As long as one of these is defined, you can move on. However, if you want to define both, that might prove less confusing to your future-self. :)

#### 1.7.3 Coordinate Systems Websites

Various websites provide free services to look-up CRS definitions, characteristics, and transformations

Most provide one or more of the following: 

* a short permanent link
* opportunity to export CRS definition in various formats (WKT, XML, OGC GML, Proj.4, JavaScript, SQL)
* a numeric reference code (i.e., EPSG code) that can be used in place of a fully specified CRS

Some suggested websites:

1. [https://epsg.io/](http://www.epsg-registry.org/) - open source nicer user interface to access data in the EPSG registry, includes a little transformation calculator too! and proj4 string generator, this is my go-to CRS look-up database
2. [https://spatialreference.org/ref/epsg/](https://spatialreference.org/ref/epsg/)
3. [http://www.epsg-registry.org/](http://www.epsg-registry.org/) - official database, but ugly slow interface

#### 1.7.4 Common CRS for US & European Data

**EPSG:4326**

WGS 84 or WGS84 (World Geodetic System 1984, used in GPS)
[http://epsg.io/4326](http://epsg.io/4326)

**EPSG:54024**

ED50 (European Datum 1950, used in EU GPS)
[http://epsg.io/54024](http://epsg.io/54024)

**EPSG:102013**

NAD83 / Europe Albers Equal Area Conic
[http://epsg.io/102013](http://epsg.io/102013)

**EPSG:various UTM**

Universal Transverse Mercator (UTM)
You need to find your UTM zone and then determine EPSG from there. To look up your zone go to [this website](https://mangomap.com/robertyoung/maps/69585/what-utm-zone-am-i-in-#).

**EPSG:102014**

ED50 / Europe Lambert Conformal Conic
[http://epsg.io/102014](http://epsg.io/102014)

**EPSG:54024**

WGS84 / World Bonne
[http://epsg.io/54024](http://epsg.io/54024)

#### 1.7.5 A Quick Reference for CRSs in R

National Center for Ecological Analysis and Synthesis created a CRS summary sheet.  Useful quick reference as well as background if you don't have much knowledge of all the various choices presented.

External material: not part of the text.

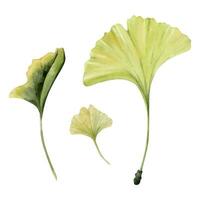 vattenfärg grön gul gingko löv, uppsättning av tre vektor illustrationer. hand dragen konstnärlig botanisk skiss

[https://www.nceas.ucsb.edu/~frazier/RSpatialGuides/OverviewCoordinateReferenceSystems.pdf](https://www.nceas.ucsb.edu/~frazier/RSpatialGuides/OverviewCoordinateReferenceSystems.pdf)

# 2. READING IN DATA

### 2.1 Data Background

The data we'll use in this lesson comes from the United States Geologic Survey (USGS). Specifically, the dataset is called the Geospatial Attributes of Gages for Evaluating Steamflow, version 2 (GAGES-II) available [here](https://water.usgs.gov/GIS/metadata/usgswrd/XML/gagesII_Sept2011.xml). GAGES-II provides geospatial data and classifications of 9,322 stream gages that are maintained by the USGS. It includes: (1) watershed boundaries by region (spatial data), (2) USGS stream gage locations (spatial data), (3) watershed characteristics (tabular data). Note that the term "watershed" is used interchangeably with the word "basin".

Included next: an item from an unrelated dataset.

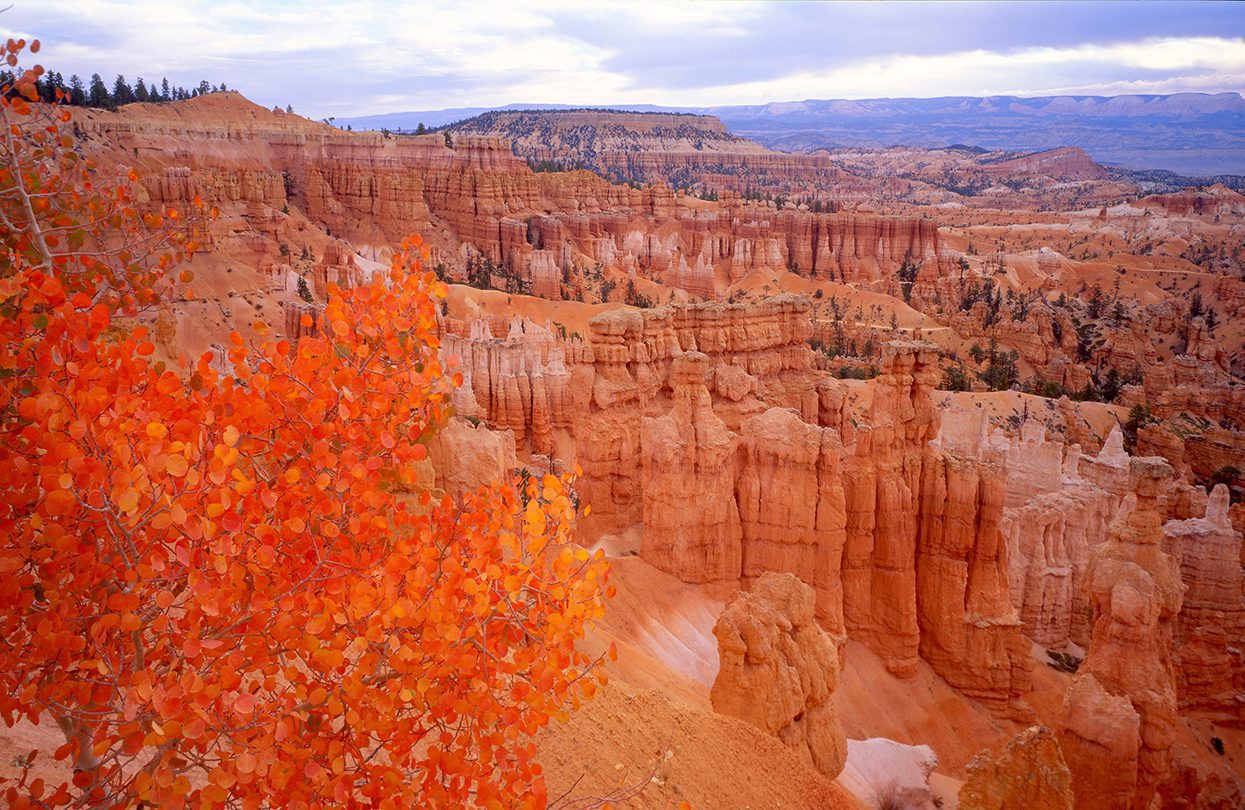 Sunset Point, Bryce Canyon NP, by Tom Till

We'll also being using Southeast state boundary data from the United States Census Bureau.

Here is what the spatial data for this lesson looks like (Figure 4). Southeast state boundaries are shown in dark green, watershed boundaries are shown in light green, and stream gage locations are shown as grey points.

![Figure 4. Data used in this lesson.](img/gagesii.png)

### 2.2 Loading in the Data

Start by reading in the basin boundaries for non-reference (i.e., notable human impact) for the Southeast Plains using `st_read()` from the sf package. Notice how you only call the .shp file here. You don't need to include all the other files that come along with the .shp file (i.e., .prj, .sbn, .shx, .sbx, .dbf, etc.).

In [None]:
basins_nf_seplains_raw <- st_read(here("data", "spatial_data", "bas_nonref_SEPlains.shp"))
# note how I'm using the here package!

**Activity**

Now you practice loading in:

1. GAGES-II stream gage points (gagesII_9322_sept30_2011). Name these data "gages_raw".
2. The boundary lines of US states (southeast_state_bounds). Name these data "southeast_state_bounds_raw".
3. One of the GAGES-II tabular data. Hint: Think back to other classes for this one. Also see the README.md file in the tabular data folder for a full description of each GAGES-II tabular data file.

I like to always save a copy of the raw data in my R session and rename all new variables I make from it with new names. That way, I can always look back to the original.

In [None]:
# complete the code below
gages_raw <- st_read(here("data", "spatial_data", "gagesII_9322_sept30_2011.shp"))
southeast_state_bounds_raw <- st_read(here("data", "spatial_data", "southeast_state_bounds.shp"))
my_tabular_data_raw <- read_csv(here("data", "tabular_data", "conterm_climate.txt"))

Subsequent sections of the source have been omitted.